Ensuite, comme vous le dites, la levée en masse n'existe en France que depuis la Révolution. Au Moyen âge et sous l'Ancien Régime, seule une minorité faisait la guerre, les chevaliers et de la piétaille enrôlée. La mobilisation nationale n'a fonctionné que cinq fois : sous la Révolution et l'Empire, en 1870, en 1914-18, en 1939-40, et à la fin de la guerre d'Algérie. La seule période où les conscrits sont partis fleur au fusil, et ont guerroyé passionnément, c'est sous la Révolution et l'Empire. Toutes les autres guerres ont été vécues avec horreur et dégoût.
Pourquoi les soldats de l'an II ont ils répondu avec enthousiasme à la mobilisation ? Parce qu'ils se battaient pour un idéal, la liberté nouvellement conquise.
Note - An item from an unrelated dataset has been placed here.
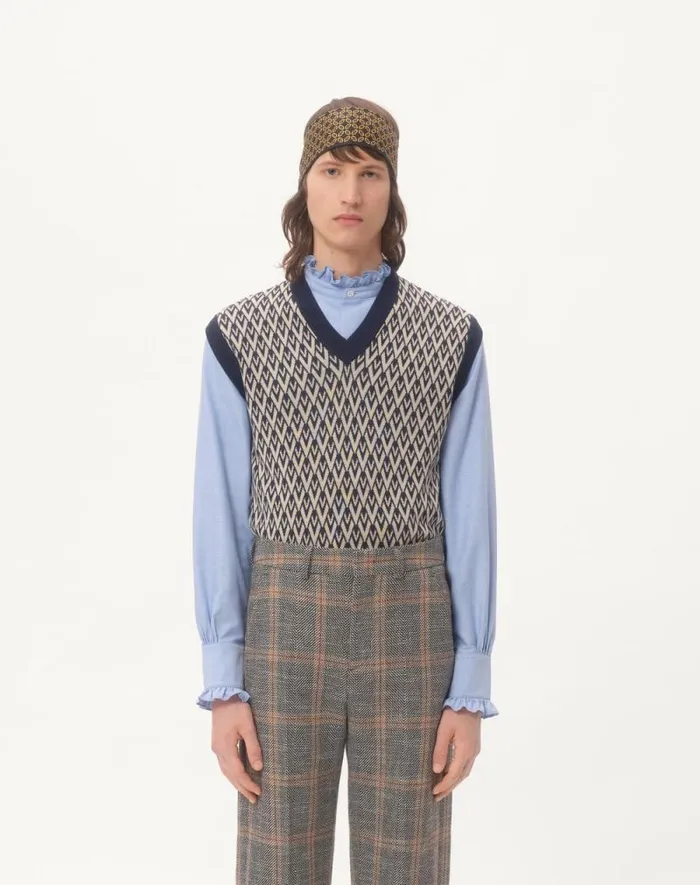 Valentino Knitwear Man Wool Vest With Toute La V Jacquard Pattern For Man In Navycream Navycream Valentino Knitwear Man Wool Vest With Toute La V Jacquard Pattern For Man In Navycream Navycream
En revanche, une fois passé le congrès de Vienne, il ne faut plus reparler de guerre aux Français.
Vous dites que les spectacles et divertissements détournent le peuple de la guerre. Mais l'inverse est vrai aussi. Les années folles, puis Salut les copains sont des réactions aux deux dernières guerres. Il y a donc interaction entre les deux phénomènes.
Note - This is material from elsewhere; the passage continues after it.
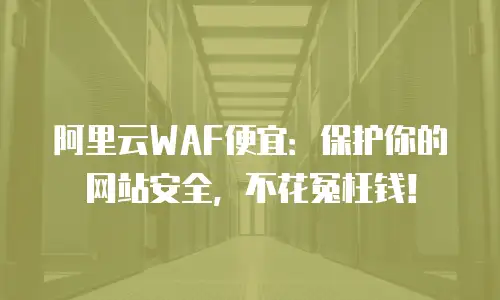 阿里云WAF便宜：保护你的网站安全，不花冤枉钱！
À la rigueur, on pourrait voir un lien entre le développement des spectacles dans l'Antiquité romaine, où le peuple se repaît des jeux du cirque, du stade, des courses de chars, de théâtre, alors que le citoyen est de moins en moins présent dans l'armée. Alors que le citoyen romain du début est avant tout un paysan-soldat. Mais il y a peut-être plusieurs facteurs. Ce serait plutôt l'abondance des richesses et du confort, obtenue d'ailleurs grâce à la guerre et aux conquêtes qui détournent le citoyen de ses obligations civiques. D'ailleurs, les penseurs contemporains le ressassent constamment. La richesse ramollit les mœurs. S'ajoutent des problèmes économiques et démographiques. Les provinces conquises inondent le marché de produits bon marché, le chômage de masse frappe Rome, le citoyen romain désoeuvré ne fait plus d'enfants, il se fait distribuer son denier quotidien pour aller au cirque et aux bains, du pain et des jeux...
C'est une peu ce qui arrive en Occident aujourd'hui.
Mais la cause, ce serait plutôt le luxe apporté par les conquêtes et les victoires guerrières. Et ce qui motivait la guerre, c'était la conquête de ce luxe, de ce confort.
Le serpent se mort la queue, en somme. Mais si l'homme à le choix, il préfère jouir que de se battre.